La tesi è suggestiva ma palesemente illogica ed errata in diritto.

Giova in primo luogo precisare che – contrariamente all’assunto difensivo – M., asseverando innanzi al notaio la consulenza in effetti stilata da altri e senza compiere alcuna istruttoria allo scopo di accertare il valore reale del capitale, non si è limitato ad attestare che il capitale aveva un valore ‘non inferiore a 10.000 euro’ – che appunto costituisce il minimum per la trasformazione sociale -, ma ha attestato che il capitale della società aveva un valore di 30.000 euro, quando esso era in effetti di gran lunga superiore.

Ciò premesso, come si è già evidenziato nel ripercorrere il quadro normativo di riferimento, ai fini della trasformazione della società di persone in una società di capitale, il legislatore ha richiesto che il valore del capitale della società risultante dalla trasformazione sia ‘determinato sulla base dei valori attuali degli elementi dell’attivo e del passivo’ e sia accertato con una relazione di stima giurata. Secondo il limpido dettato normativo, la relazione di stima è volta ad accertare l’attuale ed effettivo valore delle attività e passività dell’azienda e deve essere stilata seguendo una specifica procedura – appunto giurata -, segnatamente mediante asseverazione da parte dell’esperto, dinanzi al Cancelliere di un ufficio giudiziario ovvero dinanzi ad un notaio (come appunto nel caso di specie), della veridicità del contenuto dell’elaborato recante in calce la formula del giuramento di ‘aver bene e fedelmente adempiuto all’incarico affidatogli al solo scopo di far conoscere la verità’. Con tale giuramento il professionista dichiara formalmente davanti al pubblico ufficiale di avere assolto all’incarico valutativo con scienza e coscienza e garantisce la piena fedeltà al vero dell’elaborazione, assoggettandosi alle conseguenze di legge in caso di consulenza infedele.

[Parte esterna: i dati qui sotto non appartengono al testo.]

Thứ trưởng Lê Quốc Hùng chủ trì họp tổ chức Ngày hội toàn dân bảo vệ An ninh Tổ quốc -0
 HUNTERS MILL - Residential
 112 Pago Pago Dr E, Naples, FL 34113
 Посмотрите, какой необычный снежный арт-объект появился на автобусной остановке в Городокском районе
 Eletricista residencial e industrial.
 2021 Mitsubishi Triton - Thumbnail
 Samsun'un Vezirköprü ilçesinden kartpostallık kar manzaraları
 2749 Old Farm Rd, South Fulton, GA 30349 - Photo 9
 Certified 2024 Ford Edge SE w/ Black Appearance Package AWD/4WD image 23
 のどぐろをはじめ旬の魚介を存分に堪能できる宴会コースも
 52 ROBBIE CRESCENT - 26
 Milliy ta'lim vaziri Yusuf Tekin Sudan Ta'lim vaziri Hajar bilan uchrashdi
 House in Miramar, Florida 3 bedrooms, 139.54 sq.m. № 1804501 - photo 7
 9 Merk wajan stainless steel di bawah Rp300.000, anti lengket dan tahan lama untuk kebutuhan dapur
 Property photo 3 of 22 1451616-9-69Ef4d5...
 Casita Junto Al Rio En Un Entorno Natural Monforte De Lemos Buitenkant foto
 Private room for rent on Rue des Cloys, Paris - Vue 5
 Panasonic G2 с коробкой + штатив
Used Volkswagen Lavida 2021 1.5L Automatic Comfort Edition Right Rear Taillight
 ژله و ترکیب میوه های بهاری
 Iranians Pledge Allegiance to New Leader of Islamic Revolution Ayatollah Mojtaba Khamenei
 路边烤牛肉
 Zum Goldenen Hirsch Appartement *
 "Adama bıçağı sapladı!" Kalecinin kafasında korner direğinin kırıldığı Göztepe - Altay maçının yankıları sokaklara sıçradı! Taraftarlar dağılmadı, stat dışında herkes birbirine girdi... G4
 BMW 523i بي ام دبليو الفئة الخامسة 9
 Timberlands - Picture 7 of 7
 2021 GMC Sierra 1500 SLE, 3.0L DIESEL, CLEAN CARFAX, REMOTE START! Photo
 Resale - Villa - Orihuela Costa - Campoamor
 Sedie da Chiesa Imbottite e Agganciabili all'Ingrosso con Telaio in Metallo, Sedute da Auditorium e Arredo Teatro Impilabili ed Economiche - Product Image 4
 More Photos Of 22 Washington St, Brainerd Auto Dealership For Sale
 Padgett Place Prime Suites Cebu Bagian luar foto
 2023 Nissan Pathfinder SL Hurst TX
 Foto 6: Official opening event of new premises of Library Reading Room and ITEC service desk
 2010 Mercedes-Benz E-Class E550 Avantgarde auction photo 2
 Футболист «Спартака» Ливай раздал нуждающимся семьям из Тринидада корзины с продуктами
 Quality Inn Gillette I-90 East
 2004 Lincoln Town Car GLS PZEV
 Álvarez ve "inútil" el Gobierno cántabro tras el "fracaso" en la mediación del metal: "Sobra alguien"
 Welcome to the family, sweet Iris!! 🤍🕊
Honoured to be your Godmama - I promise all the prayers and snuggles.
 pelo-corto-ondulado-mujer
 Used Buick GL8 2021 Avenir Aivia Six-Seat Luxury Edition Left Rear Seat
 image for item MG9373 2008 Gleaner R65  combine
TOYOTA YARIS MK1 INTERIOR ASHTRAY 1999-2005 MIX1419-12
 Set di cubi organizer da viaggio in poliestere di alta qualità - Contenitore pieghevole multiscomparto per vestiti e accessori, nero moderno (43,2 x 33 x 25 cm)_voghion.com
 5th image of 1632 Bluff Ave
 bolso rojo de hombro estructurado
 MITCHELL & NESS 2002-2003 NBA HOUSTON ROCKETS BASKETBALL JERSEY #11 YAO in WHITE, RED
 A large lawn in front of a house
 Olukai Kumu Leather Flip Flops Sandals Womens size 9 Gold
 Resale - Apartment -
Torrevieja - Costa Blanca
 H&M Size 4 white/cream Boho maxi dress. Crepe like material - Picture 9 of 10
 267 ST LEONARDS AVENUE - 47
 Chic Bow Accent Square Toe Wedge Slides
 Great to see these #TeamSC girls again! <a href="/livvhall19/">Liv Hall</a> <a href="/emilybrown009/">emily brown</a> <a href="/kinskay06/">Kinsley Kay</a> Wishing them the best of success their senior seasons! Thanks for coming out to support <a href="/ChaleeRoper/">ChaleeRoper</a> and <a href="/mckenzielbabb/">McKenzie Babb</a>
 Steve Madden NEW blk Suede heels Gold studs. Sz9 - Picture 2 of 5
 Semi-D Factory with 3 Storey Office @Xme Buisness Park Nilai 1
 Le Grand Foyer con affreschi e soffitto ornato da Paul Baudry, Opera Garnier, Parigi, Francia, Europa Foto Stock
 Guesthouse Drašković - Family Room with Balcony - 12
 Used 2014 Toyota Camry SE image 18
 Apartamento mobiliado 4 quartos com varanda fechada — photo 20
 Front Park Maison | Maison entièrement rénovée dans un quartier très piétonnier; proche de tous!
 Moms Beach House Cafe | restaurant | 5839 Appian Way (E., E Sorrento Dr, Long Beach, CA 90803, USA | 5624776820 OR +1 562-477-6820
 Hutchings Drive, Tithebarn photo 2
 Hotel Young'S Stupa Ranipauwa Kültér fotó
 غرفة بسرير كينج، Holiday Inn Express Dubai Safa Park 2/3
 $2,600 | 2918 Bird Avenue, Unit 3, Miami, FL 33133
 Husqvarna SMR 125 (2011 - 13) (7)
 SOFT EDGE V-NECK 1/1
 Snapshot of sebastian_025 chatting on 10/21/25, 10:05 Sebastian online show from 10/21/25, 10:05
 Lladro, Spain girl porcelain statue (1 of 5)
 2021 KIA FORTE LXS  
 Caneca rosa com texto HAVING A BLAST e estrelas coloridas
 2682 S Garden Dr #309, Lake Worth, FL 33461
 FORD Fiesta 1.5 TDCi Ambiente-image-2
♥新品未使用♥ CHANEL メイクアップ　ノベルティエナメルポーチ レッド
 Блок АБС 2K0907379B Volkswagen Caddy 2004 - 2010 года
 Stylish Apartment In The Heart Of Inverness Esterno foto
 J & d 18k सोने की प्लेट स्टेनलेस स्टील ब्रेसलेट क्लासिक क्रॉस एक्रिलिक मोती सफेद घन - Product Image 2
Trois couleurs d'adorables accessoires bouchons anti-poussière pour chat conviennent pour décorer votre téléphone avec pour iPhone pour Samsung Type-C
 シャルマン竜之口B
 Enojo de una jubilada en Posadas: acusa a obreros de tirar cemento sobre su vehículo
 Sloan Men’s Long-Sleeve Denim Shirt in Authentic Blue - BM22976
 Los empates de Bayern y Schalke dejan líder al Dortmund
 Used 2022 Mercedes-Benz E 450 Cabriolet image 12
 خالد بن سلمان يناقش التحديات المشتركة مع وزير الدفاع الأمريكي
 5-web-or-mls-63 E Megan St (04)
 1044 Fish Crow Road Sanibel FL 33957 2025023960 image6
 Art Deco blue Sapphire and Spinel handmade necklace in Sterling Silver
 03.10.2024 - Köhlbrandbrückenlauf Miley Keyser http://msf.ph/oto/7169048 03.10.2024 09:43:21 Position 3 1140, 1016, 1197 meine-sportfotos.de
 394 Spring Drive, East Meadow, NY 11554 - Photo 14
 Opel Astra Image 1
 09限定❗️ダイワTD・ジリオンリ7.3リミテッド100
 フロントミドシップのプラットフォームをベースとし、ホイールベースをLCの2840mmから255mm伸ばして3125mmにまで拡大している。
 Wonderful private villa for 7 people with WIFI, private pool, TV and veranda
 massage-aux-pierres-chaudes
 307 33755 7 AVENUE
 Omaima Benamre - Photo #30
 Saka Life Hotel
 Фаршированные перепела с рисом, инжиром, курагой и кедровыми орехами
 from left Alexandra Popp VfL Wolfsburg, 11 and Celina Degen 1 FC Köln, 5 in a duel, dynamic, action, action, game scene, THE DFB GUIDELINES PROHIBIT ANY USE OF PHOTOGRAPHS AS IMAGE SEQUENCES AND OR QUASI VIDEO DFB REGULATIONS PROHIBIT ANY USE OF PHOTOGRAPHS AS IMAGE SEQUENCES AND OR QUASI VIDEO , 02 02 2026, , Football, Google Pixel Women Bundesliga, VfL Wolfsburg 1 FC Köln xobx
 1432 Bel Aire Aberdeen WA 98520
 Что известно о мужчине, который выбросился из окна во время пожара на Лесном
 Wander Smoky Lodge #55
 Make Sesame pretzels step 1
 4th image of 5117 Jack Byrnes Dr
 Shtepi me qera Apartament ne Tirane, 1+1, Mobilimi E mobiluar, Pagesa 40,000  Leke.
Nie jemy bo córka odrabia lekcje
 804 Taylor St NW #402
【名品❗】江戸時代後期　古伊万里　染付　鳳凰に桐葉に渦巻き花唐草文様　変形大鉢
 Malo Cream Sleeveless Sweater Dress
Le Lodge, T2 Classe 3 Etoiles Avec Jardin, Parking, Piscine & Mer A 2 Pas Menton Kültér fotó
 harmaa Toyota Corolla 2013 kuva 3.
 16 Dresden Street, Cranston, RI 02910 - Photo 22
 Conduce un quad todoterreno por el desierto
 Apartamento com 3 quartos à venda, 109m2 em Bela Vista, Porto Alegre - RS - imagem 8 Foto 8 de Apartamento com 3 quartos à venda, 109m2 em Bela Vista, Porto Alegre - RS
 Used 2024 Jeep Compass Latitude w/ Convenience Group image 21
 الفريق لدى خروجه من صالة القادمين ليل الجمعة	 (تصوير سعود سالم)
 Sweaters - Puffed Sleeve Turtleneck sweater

Risulta pertanto evidente come il falso ideologico commesso dal consulente nella valutazione del capitale aziendale non possa ritenersi innocuo laddove l’infedeltà rappresentativa concerna, non aspetti marginali e secondari dell’accertamento richiesto, bensì proprio il fulcro dell’attività valutativa, avente quale specifico oggetto la stima dei patrimonio sociale. Opinando come suggerisce il ricorrente, si dovrebbe ritenere che qualunque relazione giurata che sottostimi in modo artatamente falso il reale valore del capitale, a condizione che il valore reale ed effettivo del capitale sia di almeno diecimila euro, debba ritenersi innocua, con ciò vanificando il contenuto fideifacente dell’atto che si connette espressamente alla stima degli elementi attivi e passivi della società.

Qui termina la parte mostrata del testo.